Invoking Andy can’t sufficiently prop up this poor excuse for a “serious” movie. Robert DeNiro plays Eddie Fleming, a celebrity cop who uses his fame to get results. He teams up with Ed Burns, as the young and naíve arson inspector Jordy Warsaw, to solve some gruesome, violent murders committed with knives and fire.
Two thugs, one Russian and one Czech, recently arrived on our shores, are responsible for these crimes. Emil, the chain-smoking superpsycho, does the murdering, while Oleg, the big, dumb, easily manipulated psycho, films it all on video. They cook up a scheme to get rich by selling the movie and themselves to the media after they get out of jail on a double jeopardy-insanity-technicality kind of thing.
15 Minutes tries to sell itself as satire, shamelessly strutting, posing and pretending to be a commentary on our fame-obsessed culture, an exploration of the evils of television, an indictment of our legal system and a slap at our lack of personal responsibility,
For a satire of television, rent Network, 25 years old and still much more to the point than this mess. For the rest, it is all so undercooked and overblown, it isn’t really worth dissecting. The script relies on stereotypes and violence, lots and lots of violence, to give cover to its lack of insight about any of the issues it’s hiding behind.
DeNiro is great fun to watch from the first delightful shot of his face being plunged into a bowl of ice to cure his hangover, but he barely lasts half the film. Why DeNiro wanted to do this mush is beyond me. (Did he only read his part? The only fun role is his.)
But, who doesn’t want to work with Bobby? So there is plenty of talent surrounding him.

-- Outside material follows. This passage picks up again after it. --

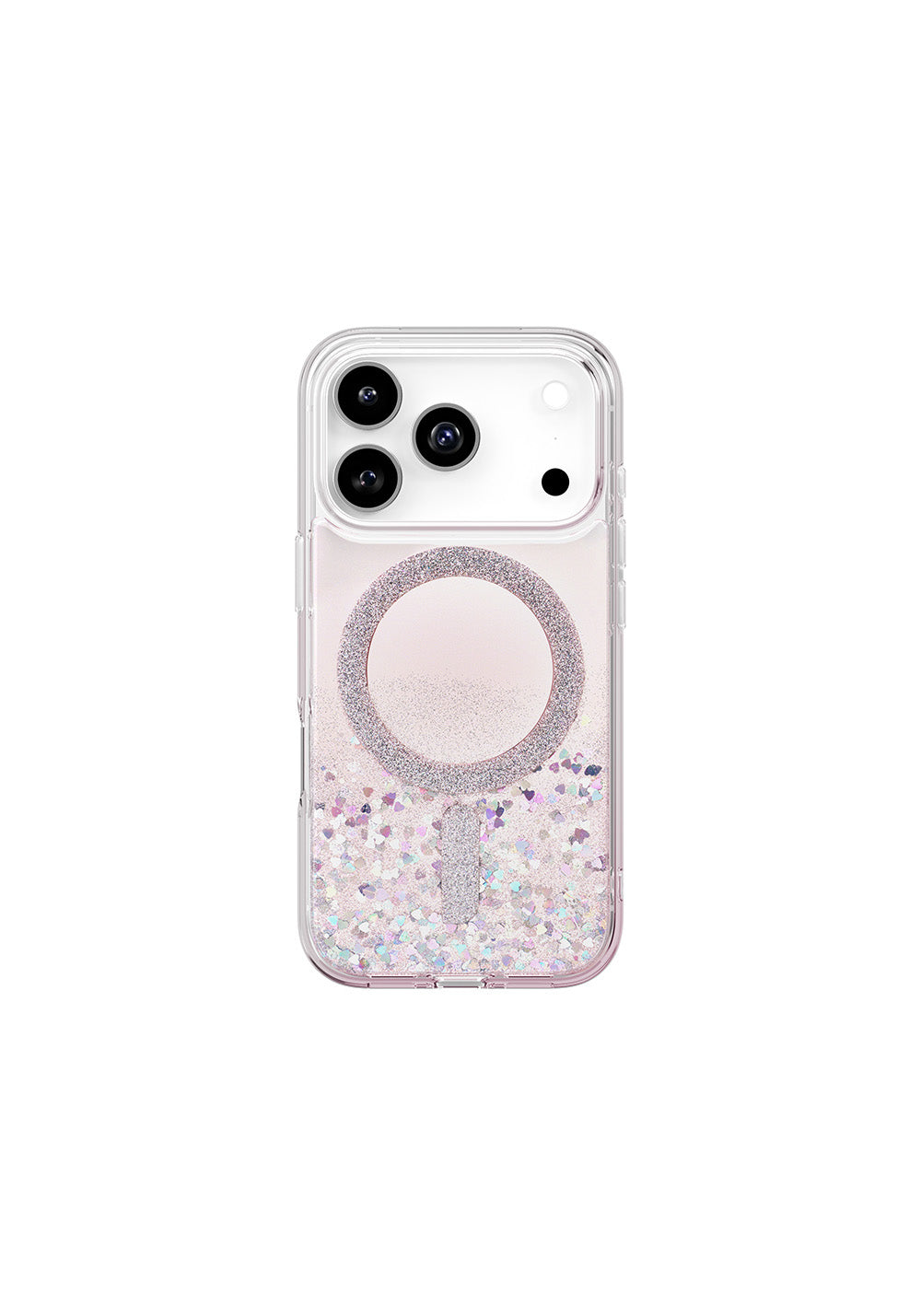 Apple iPhone 17 Pro Kılıf Manyetik Şarj Uyumlu Parlak Halkalı Coehl Solea Kapak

Burns, Kelsey Grammar, Melina Kanakaredes and Kim Cattrall are all trying as hard as they can. 15 Minutes isn’t completely devoid of nice moments, but you have to endure too much of nothing to get to them.
15 Minutes does raise an interesting question: When is it appropriate for a filmmaker to use and exploit sensational subject matter in service of her or his message? If a sensational subject is under the lens as well as in front of it, how much license do artists get?

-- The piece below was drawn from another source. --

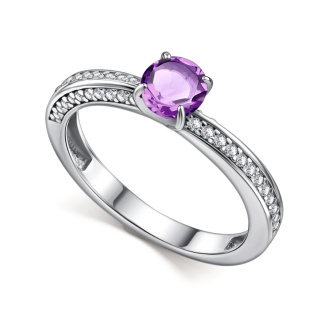 Кольцо 01-4846/00АМ-00 (Ag 925)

This question has been gnawing at me since I saw Wayne Wang’s new movie The Center of the World, a film that blurs that line more provocatively than anything I’ve seen in a long time. 15 Minutes never comes close to balancing the seesaw of exploitative versus insightful. It never get above the violence, and so leaves you feeling dirty, degraded and only mildly amused, only barely distracted.
The Center of the World mixes subject and the sensational nature of that subject so provocatively, you leave the theater truly rattled. And because the territory is sex, not violence, the effect is much more interesting.

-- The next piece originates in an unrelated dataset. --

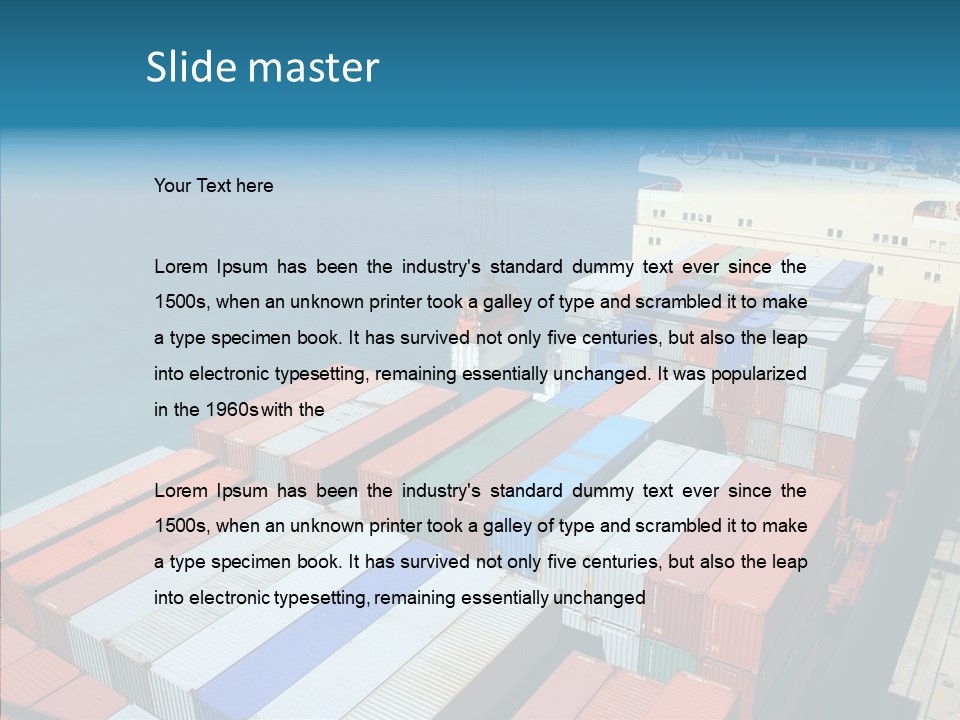 Load Freight Barge PowerPoint Template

Far away from Smoke and even farther from The Joy Luck Club, Wang has made a film about sex, money, sex for money, desire and the consequences of dabbling too heavily in all of the above. The Center of the World is remarkably explicit and will be not inappropriately promoted as a Last Tango for today.
A young, dotcom millionaire makes a deal with a stripper to go away with him to Las Vegas for the weekend. They draw up a contract, agree on terms and off they go. The Center of the World takes place over the weekend and is effectively edited beginning with the weekend, and peppered with occasional flashbacks to their relationship before the weekend.
The Center of the World could never get an R rating without, I’m guessing, several cuts. One shot in particular could never get past the MPAA. Luckily, The Center of the World is being released by Artisan Entertainment, a company that has successfully undertaken the risk of releasing an unrated picture. They were able to make a small hit out of Requiem for a Dream, and their task here is much less challenging.
Artisan will release The Center of the World just as it is, in late spring, without cuts, and without any blessing from the MPAA. This film should be seen without cuts, and it should be seen by adults only.
Comparing The Center of the World and 15 Minutes reveals several of the troubles in the rating system. I couldn t recommend 15 Minutes to anyone of any age, but gruesome, explicit murders merits only an R from the all-powerful MPAA. Explicit sexuality will easily earn an NC-17, a rating so prohibitive that the film is more easily released without any rating. The only guidance the public will have for The Center of the World is the admission policies of individual theaters, which just proves something else Andy Warhol said: “That’s what show business is for, to prove that it’s not what you are that counts, it’s what they think you are.”
Catherine Lee is the executive director of Fort Wayne Cinema Center, the only independently operated movie theater in Fort Wayne, specializing in independent, foreign, documentary, specialty and classic films.